Yemeni officials say they have been
keeping an eye on Believing Youth for some time, but had
not believed the movement would become so significant.
Yemen
has been trying to shed its image as a safe
haven for terrorists ever since it joined the United States in
its "war on terror" after the September 11, 2001, attacks in
the US. It has rounded up hundreds of suspected
militants and captured alleged key members of al-Qaeda,
and it has received military aid from Washington.
"During the US war on Iraq, al-Hothy's
followers were in the front lines of demonstrations,"

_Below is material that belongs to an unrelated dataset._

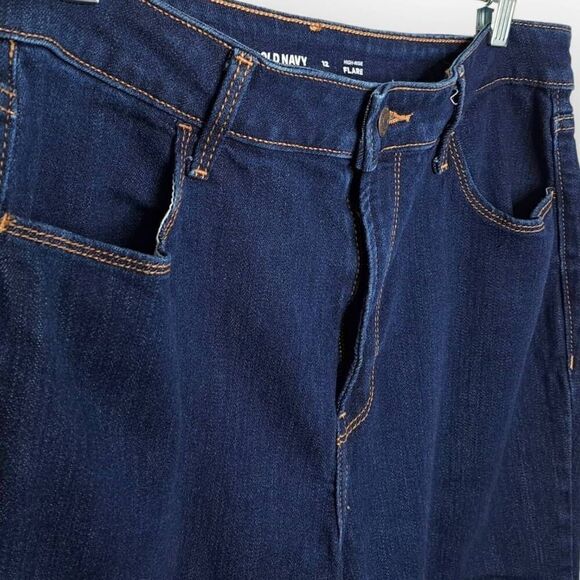 Old Navy Women's High-Waisted Wow Flare Jeans in Dark Wash size 12 - Picture 3 of 8
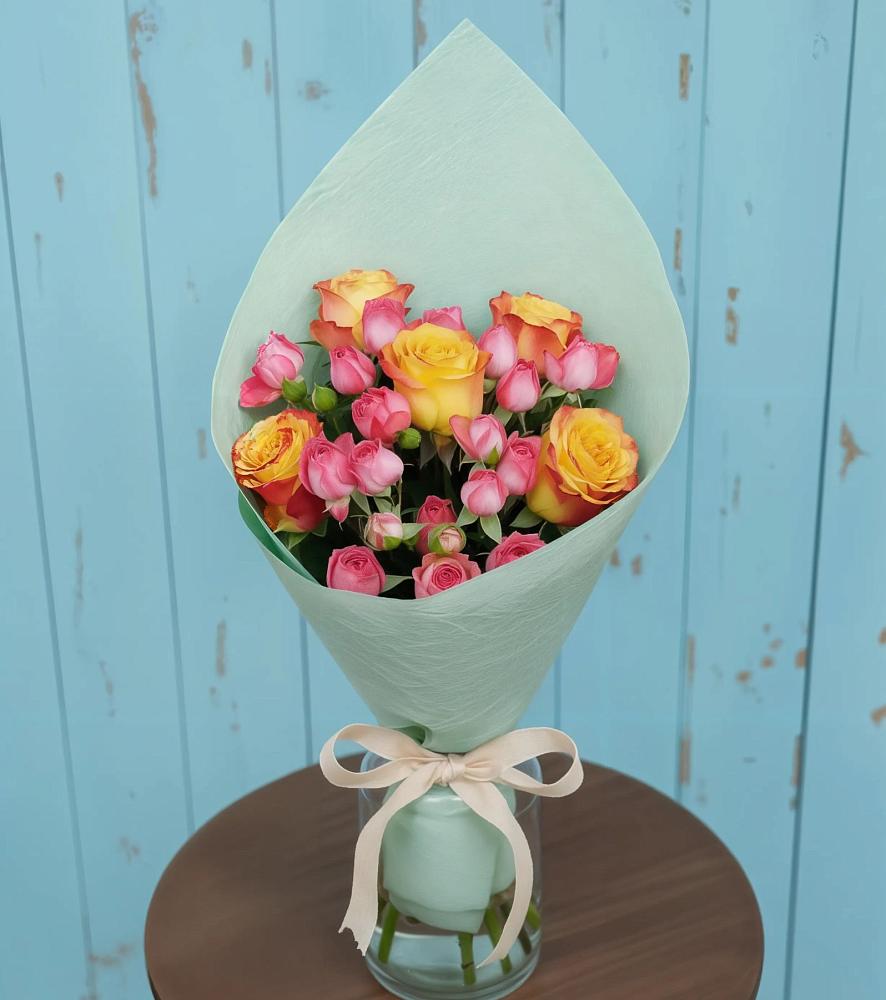 Букет цветов из: Розы в Большой Вишере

President Ali Abdallah Saleh said at a meeting with
Islamic scholars last weekend. "We did not consider that
a problem, we said they are only a few impetuous
youths. But regrettably I have learned that al-Hothy has
formed the Believing Youth organization." Saleh said
al-Hothy has raised the Hezbollah flag instead of the
national flag. "This is against unity."
The
leader of the Hezbollah in Lebanon, Hassan Nasrallah,
has denied any links with the rebels in Saddah. "The
Hezbollah policy is not to intervene in other countries'
affairs," he said in a statement.
The clashes in
Saddah have set off political clashes between the
government and the opposition Islamic parties. The
opposition has called on the government to stop
indiscriminate use of weapons and to open peaceful talks
with the rebels.
The opposition has asked the
president to lift the siege of several civilian areas in
Saddah. "This bloodshed, destruction of homes and
assaults on people are truly regrettable and a cause for
sorrow," they said in a statement.
The ruling
General People's Congress has threatened to take the
opposition to court over its stand.
The
rebellion has also created divisions among Zaidi
scholars. Some Zaidi Shi'ite clerics have dismissed the
rebellion as only a fitnah (disturbance) among
Yemeni Muslims. Zaidi judge Ahmed al-Shami says the
military action is only following a fatwa issued by the
chairman of the Public Fatwa Authority, Hamoud bin Abbas
al-Moayyad.
These clerics say that al-Hothy does
not represent the views of the Zaidis, and that they
should reject his leadership. Others are supportive of
al-Hothy.
This week the Yemeni
government ordered closure of all unlicensed religious
schools. "Due to the connection between extremism,
militancy and certain curricula that promote deviant and
alien ideologies, the cabinet has issued orders for the
immediate closure of all schools and centers violating
the education law," the cabinet said in a statement.
The government integrated 140 religious schools
run by Shi'ites, Sunnis and Sufis with government
schools in 1999. But many have continued to work
independently.
The order to close the schools reflects "strong
foreign pressure on the government", political analyst
Mohammed al-Sabri told Inter Press Service.
In early
2002, the Yemeni government expelled more than 100 foreign
Islamic scholars, including some from the United Kingdom
and France. The last major terrorist attack in Yemen was
the bombing of the French tanker Limburg in 2002 near
one of the country's ports. Fifteen people are on trial
charged with involvement in this attack, plotting to
assassinate US ambassador Edmund Hall in Sana'a, and
involvement in attacks on Yemeni intelligence offices.